Pitney Farm is a multi-faceted, historical gem. From 1722 until 2013, Pitney Farm was home to 11 generations of the Pitney family. Until purchased by Mendham Township, the Pitney homestead was the only residence in the Township to remain in one family since being built.
The original tract contained 196 acres of land which were later owned and expanded by Jonathan’s brother James.
The farm must have done well under James’ care, for in 1779 an additional 150 acres of land were acquired by James and his son, Mahlon. A distillery and an iron forge were added to the property at that time.
By the mid-1800s, the pre-Revolutionary house had expanded to three stories with a two-story extension and had six rooms. A painting by Edward Kranich of the farm as it looked in 1854 shows the house, gardens, farm buildings and open space, very much as they look today. In the 1890s, when John O.H. Pitney and his wealthy bride Roberta Ballantine lived in Morristown, a farmer lived in the original homestead. In 1925, however, John and Roberta decided to use the farm as their summer home.
With its gracious living and dining rooms and many architectural features and detailing, this Colonial home with Federal and Victorian additions, was transformed in the 1920s and 1930s into a summer home fit for a prominent family. The rear kitchen extension with rooms above was added, along with the introduction of a sun porch to the west with a room above.

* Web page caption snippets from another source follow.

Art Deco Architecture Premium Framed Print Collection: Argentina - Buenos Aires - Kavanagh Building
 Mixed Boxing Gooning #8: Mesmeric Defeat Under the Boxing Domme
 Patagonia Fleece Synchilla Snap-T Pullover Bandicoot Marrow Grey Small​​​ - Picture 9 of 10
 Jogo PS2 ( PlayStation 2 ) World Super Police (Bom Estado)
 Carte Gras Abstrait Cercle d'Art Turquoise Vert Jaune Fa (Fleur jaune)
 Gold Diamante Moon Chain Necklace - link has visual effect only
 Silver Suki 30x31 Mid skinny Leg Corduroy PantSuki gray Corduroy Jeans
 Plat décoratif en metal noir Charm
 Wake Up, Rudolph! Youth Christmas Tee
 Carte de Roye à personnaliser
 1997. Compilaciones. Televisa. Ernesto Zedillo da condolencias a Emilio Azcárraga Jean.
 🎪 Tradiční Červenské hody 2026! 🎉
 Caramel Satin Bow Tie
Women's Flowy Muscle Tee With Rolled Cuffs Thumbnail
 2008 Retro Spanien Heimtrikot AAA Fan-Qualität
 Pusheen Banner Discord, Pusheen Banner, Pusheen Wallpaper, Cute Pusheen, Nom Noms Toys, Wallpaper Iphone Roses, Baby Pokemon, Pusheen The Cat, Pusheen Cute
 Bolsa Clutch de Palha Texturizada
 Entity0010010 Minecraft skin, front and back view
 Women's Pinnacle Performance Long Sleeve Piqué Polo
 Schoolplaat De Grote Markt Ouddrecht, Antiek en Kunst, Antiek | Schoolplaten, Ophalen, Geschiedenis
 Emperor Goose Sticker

By 1935 an imposing music room was added at the rear of the main house, comfortably seating 125. In the 1960s additional renovations, including a 5-bay garage, were carried out, bringing the square footage of the house to 11,800. The second and third floors contain 9 bedrooms. A studio was added to the rear of the house during the 1970’s for the use of artist James Duncan Pitney. From 2012-2014 is was used by Tjelda vander Meijden, artist‐in‐residence. A breezeway connects the five car garage (2850 sq. ft.) to the house. Lastly, a side/rear space in the building is a rented apartment. Presently, there are four detached dwellings or cottages on the property. The Chauffeur’s or Boy’s Cottage is the largest. It is a 2.5 story building of approximately 2200 sq.ft, located astride the entrance driveway. The remaining two dwellings, the Ice House and Farmer’s Cottage, are smaller and scattered within the building complexes. There are three barns on the property. The Cow Barn, the largest and most dominant building on the property, is in two sections. The larger section contains three stories and has a footprint of 3,200 sq. ft. The attached second section is two stories and measures 1825 sq. ft. per floor. The survey of the property shows three additional and smaller barns containing a total of 3,860 sq. ft.
They function today as garage and storage buildings. Near the modern additions to the main house stand an old woodshed and stone house which may have been used to keep milk cool. Pitney Farm had long been involved in dairying until James Duncan Pitney ceased the dairy operations in 1960. At the time,there were 50 head of cattle, most of which were Golden Guernsey. Crops were rotated in a four year cycle of corn, oats, wheat and a year of pasturage to regenerate.